In the records below, find the line that contains "thumbnail image 2" and the line that contains "重庆龙湖揽境九曲河样板房——现代山水诗意空间-23", then retype exactly those two lines and every line between them.

Source material:
• • • • • • •

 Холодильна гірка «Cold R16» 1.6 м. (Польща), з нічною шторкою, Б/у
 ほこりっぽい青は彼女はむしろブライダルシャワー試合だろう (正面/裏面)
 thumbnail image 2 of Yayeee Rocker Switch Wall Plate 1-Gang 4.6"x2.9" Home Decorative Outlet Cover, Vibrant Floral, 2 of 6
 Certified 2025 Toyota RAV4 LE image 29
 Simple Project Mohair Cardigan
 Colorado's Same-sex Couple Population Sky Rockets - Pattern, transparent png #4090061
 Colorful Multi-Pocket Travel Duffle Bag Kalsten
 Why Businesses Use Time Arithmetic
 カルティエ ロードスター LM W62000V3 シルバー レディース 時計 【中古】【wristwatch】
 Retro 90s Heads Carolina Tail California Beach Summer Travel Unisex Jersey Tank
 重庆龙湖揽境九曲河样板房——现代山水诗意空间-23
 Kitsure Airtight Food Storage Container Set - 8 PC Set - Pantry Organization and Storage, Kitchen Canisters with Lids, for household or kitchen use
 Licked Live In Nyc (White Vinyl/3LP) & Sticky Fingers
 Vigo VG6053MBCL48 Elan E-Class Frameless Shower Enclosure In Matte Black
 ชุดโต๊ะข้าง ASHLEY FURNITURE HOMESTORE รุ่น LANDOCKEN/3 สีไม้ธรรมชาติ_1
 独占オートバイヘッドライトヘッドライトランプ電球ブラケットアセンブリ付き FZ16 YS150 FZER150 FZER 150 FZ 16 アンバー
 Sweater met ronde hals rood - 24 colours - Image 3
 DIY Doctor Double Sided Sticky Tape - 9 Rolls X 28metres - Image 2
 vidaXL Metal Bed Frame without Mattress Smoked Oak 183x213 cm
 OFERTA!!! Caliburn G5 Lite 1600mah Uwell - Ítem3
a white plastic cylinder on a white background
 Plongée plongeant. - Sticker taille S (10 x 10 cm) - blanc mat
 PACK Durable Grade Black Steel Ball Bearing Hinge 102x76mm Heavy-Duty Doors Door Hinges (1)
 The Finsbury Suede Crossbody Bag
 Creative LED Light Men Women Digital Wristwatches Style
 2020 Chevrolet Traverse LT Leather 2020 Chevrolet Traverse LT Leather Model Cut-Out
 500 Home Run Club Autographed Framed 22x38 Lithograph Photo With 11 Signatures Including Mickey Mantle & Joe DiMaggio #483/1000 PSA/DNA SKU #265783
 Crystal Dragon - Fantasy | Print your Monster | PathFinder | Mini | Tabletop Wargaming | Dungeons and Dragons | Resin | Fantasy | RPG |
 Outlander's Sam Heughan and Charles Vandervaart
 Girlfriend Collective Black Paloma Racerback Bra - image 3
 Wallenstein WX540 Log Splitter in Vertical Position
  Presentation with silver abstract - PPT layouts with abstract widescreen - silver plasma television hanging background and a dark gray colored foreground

• • • • • • •

Solution for this exercise:
 thumbnail image 2 of Yayeee Rocker Switch Wall Plate 1-Gang 4.6"x2.9" Home Decorative Outlet Cover, Vibrant Floral, 2 of 6
 Certified 2025 Toyota RAV4 LE image 29
 Simple Project Mohair Cardigan
 Colorado's Same-sex Couple Population Sky Rockets - Pattern, transparent png #4090061
 Colorful Multi-Pocket Travel Duffle Bag Kalsten
 Why Businesses Use Time Arithmetic
 カルティエ ロードスター LM W62000V3 シルバー レディース 時計 【中古】【wristwatch】
 Retro 90s Heads Carolina Tail California Beach Summer Travel Unisex Jersey Tank
 重庆龙湖揽境九曲河样板房——现代山水诗意空间-23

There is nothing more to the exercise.